## EXERCISE OBJECTIVE:
Both the line containing "Parlak kuaför makası, profesyonel" and the line containing "Diamond ring &" belong to the span. Output exactly that span from the listing below, and nothing outside it.

☆ ☆ ☆ ☆ ☆

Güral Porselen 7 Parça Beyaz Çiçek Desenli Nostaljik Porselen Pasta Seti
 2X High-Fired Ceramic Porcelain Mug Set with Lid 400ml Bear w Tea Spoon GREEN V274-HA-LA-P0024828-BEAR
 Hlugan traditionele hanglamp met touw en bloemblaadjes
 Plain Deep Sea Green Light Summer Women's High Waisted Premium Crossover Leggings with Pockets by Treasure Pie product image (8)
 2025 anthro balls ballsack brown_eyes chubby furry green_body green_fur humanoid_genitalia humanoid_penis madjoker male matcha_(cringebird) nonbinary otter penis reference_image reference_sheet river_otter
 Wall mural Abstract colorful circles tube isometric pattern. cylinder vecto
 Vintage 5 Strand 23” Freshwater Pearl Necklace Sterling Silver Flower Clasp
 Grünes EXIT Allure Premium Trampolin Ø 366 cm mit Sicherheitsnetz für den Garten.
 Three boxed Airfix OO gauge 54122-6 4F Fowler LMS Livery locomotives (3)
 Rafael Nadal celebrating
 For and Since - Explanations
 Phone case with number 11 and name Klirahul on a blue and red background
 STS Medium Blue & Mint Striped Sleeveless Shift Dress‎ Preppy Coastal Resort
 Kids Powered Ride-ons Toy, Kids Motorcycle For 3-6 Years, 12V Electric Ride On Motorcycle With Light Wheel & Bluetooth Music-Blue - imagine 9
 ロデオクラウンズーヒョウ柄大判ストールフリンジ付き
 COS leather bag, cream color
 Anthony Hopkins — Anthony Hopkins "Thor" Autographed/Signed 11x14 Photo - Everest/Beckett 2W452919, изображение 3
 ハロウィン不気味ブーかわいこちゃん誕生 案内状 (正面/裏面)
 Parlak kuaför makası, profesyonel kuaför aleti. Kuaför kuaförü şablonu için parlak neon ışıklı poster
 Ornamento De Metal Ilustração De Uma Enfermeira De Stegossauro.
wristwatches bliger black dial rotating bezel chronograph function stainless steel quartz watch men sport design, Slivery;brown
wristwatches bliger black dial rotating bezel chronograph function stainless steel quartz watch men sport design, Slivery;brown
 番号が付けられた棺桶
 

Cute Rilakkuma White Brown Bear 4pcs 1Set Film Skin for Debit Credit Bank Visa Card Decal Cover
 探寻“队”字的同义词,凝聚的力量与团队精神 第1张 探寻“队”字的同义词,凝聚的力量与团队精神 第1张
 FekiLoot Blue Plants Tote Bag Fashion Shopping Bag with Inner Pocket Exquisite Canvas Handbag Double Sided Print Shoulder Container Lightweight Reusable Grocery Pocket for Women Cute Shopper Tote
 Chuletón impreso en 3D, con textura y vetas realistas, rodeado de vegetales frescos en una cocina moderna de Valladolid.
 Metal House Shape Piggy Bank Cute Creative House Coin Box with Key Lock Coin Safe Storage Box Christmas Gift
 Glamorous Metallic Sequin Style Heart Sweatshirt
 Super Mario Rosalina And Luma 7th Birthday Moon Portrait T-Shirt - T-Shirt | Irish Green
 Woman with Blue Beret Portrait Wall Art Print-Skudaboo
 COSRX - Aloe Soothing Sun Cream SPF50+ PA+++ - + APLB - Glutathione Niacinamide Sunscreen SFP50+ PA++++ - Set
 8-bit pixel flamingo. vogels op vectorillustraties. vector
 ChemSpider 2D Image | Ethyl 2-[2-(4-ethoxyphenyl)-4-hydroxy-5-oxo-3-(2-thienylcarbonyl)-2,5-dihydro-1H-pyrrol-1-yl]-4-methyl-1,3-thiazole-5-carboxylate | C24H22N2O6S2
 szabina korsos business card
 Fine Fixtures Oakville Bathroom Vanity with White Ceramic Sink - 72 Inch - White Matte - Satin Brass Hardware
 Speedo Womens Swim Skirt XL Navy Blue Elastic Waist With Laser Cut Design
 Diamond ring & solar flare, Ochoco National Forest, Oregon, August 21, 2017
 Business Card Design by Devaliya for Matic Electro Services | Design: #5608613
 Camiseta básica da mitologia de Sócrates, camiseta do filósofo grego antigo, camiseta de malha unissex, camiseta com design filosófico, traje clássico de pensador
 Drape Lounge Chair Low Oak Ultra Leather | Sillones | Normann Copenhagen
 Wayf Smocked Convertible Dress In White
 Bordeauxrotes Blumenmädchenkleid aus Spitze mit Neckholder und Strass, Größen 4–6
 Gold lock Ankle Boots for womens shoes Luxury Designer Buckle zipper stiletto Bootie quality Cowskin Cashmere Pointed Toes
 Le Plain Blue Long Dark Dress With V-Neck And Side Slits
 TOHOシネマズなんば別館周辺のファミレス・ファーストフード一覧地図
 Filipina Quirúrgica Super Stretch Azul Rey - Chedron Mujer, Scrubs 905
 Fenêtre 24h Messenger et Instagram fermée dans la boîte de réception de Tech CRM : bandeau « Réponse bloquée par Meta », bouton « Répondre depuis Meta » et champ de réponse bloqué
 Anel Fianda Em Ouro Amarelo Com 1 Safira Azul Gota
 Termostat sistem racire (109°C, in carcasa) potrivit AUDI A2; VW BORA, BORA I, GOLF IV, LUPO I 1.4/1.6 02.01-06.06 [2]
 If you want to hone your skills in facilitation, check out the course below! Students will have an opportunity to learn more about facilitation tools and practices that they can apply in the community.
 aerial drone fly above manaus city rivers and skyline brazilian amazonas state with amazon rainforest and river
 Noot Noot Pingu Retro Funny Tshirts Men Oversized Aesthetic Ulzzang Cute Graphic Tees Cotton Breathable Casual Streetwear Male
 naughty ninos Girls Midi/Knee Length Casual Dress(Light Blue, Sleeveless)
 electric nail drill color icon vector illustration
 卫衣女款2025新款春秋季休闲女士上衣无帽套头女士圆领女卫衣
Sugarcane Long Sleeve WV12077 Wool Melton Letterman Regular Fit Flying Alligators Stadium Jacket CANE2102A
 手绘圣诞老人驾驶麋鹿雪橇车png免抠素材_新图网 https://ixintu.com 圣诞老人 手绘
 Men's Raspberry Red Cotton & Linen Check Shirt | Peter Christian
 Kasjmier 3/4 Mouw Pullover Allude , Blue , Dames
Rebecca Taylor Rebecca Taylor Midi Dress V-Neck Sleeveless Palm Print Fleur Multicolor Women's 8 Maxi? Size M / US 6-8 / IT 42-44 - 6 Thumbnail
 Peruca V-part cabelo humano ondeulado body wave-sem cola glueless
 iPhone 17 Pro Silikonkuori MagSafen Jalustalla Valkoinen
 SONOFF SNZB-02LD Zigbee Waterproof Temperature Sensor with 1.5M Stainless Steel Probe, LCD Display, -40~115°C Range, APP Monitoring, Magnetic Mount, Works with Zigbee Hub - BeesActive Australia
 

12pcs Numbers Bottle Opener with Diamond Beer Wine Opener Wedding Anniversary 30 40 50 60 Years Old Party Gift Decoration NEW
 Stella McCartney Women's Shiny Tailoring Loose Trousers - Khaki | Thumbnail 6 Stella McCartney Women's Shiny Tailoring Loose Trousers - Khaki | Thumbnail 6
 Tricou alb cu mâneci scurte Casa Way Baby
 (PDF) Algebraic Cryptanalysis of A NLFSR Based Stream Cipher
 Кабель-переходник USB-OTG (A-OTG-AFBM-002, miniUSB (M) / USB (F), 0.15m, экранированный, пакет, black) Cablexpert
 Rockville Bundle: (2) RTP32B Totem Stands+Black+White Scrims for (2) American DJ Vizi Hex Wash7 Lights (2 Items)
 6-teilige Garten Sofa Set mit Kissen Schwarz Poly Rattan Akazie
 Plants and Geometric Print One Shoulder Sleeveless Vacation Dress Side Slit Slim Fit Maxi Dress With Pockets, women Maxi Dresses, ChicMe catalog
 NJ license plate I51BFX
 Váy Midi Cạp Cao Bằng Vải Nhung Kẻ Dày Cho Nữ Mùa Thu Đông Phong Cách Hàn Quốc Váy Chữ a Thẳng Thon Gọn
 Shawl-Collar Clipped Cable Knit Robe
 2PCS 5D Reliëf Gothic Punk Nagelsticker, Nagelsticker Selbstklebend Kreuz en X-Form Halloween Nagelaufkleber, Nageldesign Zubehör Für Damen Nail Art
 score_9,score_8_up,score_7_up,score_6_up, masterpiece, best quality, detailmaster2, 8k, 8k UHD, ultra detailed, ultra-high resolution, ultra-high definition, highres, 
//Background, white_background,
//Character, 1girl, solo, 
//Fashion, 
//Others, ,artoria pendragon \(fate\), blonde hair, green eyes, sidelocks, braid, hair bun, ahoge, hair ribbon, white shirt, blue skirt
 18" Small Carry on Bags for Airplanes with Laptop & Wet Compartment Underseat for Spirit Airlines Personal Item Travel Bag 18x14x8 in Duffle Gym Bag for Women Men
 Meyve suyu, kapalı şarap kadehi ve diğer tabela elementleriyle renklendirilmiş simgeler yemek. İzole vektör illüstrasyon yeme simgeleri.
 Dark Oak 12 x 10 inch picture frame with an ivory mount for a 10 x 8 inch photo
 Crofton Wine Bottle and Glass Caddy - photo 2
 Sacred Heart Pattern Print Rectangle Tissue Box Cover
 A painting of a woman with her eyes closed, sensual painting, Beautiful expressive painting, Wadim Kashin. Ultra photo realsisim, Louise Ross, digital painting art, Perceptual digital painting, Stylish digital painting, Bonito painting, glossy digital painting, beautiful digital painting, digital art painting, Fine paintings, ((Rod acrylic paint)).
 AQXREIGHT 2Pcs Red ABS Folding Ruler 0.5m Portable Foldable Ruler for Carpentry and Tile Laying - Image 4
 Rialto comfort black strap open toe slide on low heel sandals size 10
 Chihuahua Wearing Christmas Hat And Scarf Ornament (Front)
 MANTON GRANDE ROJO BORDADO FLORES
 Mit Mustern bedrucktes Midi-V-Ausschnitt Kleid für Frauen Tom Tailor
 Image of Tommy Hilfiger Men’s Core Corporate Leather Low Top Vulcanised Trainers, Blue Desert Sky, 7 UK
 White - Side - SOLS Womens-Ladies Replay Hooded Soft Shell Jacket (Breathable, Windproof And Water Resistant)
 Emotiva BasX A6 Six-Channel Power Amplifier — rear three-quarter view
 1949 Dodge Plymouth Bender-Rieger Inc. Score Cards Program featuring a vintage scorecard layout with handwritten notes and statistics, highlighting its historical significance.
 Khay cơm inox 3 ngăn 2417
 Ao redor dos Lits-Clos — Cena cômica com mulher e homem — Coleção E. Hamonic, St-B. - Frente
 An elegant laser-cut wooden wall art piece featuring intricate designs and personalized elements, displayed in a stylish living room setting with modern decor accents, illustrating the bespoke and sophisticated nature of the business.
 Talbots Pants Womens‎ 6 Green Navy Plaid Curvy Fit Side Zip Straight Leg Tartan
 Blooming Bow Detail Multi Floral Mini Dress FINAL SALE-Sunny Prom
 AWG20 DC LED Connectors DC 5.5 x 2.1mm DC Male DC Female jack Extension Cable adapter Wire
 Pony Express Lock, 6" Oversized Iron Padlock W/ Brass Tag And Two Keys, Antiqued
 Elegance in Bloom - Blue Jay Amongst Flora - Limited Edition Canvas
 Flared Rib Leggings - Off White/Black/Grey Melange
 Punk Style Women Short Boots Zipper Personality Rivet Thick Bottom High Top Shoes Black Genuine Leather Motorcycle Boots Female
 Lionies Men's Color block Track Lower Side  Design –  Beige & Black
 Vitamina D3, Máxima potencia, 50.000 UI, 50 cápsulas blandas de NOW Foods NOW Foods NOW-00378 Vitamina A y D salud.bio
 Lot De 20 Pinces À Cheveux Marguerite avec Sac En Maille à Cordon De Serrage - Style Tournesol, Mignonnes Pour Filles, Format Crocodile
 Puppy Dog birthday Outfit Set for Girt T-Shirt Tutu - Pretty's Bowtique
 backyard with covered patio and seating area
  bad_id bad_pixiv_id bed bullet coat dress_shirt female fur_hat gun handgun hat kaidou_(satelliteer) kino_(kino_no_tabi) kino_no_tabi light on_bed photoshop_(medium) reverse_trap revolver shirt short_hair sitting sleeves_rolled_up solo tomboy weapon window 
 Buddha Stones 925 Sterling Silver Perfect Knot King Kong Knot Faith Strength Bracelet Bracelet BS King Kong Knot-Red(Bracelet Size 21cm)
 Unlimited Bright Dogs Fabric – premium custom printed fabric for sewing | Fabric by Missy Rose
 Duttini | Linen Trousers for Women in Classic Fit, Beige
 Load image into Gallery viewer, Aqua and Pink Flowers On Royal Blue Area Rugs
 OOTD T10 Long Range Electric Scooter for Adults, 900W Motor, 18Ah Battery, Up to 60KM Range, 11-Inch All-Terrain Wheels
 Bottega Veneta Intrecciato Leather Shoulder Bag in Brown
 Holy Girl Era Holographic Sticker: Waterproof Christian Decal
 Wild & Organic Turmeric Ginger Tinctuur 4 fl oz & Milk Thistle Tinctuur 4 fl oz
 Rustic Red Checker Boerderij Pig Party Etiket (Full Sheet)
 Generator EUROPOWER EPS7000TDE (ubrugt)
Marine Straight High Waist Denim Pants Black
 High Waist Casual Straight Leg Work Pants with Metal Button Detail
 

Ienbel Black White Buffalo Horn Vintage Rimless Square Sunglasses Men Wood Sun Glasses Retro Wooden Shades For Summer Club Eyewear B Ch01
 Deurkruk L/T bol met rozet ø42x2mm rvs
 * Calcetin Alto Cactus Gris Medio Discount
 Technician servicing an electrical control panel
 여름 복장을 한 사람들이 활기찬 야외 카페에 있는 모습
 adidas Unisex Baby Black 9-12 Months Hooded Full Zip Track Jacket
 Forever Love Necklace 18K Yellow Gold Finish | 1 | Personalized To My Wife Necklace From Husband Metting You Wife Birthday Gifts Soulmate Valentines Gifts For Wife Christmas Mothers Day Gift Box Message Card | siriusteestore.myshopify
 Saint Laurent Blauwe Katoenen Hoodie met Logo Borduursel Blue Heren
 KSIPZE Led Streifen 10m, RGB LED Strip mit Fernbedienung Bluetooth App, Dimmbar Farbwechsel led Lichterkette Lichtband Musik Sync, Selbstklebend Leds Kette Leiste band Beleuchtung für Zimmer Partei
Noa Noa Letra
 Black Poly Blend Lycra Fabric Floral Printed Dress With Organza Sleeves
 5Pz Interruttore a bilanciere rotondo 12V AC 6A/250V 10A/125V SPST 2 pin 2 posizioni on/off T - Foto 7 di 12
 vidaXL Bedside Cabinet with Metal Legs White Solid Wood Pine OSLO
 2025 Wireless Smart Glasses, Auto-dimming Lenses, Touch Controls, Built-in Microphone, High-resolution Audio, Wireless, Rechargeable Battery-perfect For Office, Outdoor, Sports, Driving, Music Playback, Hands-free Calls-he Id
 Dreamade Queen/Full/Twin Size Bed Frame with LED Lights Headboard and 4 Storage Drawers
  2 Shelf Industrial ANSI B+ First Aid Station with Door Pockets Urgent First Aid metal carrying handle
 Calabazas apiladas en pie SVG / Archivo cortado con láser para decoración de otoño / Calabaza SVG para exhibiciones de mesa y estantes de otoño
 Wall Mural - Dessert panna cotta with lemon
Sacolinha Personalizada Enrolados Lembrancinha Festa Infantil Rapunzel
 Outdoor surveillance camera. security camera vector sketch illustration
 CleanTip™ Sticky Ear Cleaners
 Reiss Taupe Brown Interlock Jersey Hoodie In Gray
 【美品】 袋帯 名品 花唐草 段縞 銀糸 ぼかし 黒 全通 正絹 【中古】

☆ ☆ ☆ ☆ ☆

## OUTPUT OF THE TASK:
 Parlak kuaför makası, profesyonel kuaför aleti. Kuaför kuaförü şablonu için parlak neon ışıklı poster
 Ornamento De Metal Ilustração De Uma Enfermeira De Stegossauro.
wristwatches bliger black dial rotating bezel chronograph function stainless steel quartz watch men sport design, Slivery;brown
wristwatches bliger black dial rotating bezel chronograph function stainless steel quartz watch men sport design, Slivery;brown
 番号が付けられた棺桶
 

Cute Rilakkuma White Brown Bear 4pcs 1Set Film Skin for Debit Credit Bank Visa Card Decal Cover
 探寻“队”字的同义词,凝聚的力量与团队精神 第1张 探寻“队”字的同义词,凝聚的力量与团队精神 第1张
 FekiLoot Blue Plants Tote Bag Fashion Shopping Bag with Inner Pocket Exquisite Canvas Handbag Double Sided Print Shoulder Container Lightweight Reusable Grocery Pocket for Women Cute Shopper Tote
 Chuletón impreso en 3D, con textura y vetas realistas, rodeado de vegetales frescos en una cocina moderna de Valladolid.
 Metal House Shape Piggy Bank Cute Creative House Coin Box with Key Lock Coin Safe Storage Box Christmas Gift
 Glamorous Metallic Sequin Style Heart Sweatshirt
 Super Mario Rosalina And Luma 7th Birthday Moon Portrait T-Shirt - T-Shirt | Irish Green
 Woman with Blue Beret Portrait Wall Art Print-Skudaboo
 COSRX - Aloe Soothing Sun Cream SPF50+ PA+++ - + APLB - Glutathione Niacinamide Sunscreen SFP50+ PA++++ - Set
 8-bit pixel flamingo. vogels op vectorillustraties. vector
 ChemSpider 2D Image | Ethyl 2-[2-(4-ethoxyphenyl)-4-hydroxy-5-oxo-3-(2-thienylcarbonyl)-2,5-dihydro-1H-pyrrol-1-yl]-4-methyl-1,3-thiazole-5-carboxylate | C24H22N2O6S2
 szabina korsos business card
 Fine Fixtures Oakville Bathroom Vanity with White Ceramic Sink - 72 Inch - White Matte - Satin Brass Hardware
 Speedo Womens Swim Skirt XL Navy Blue Elastic Waist With Laser Cut Design
 Diamond ring & solar flare, Ochoco National Forest, Oregon, August 21, 2017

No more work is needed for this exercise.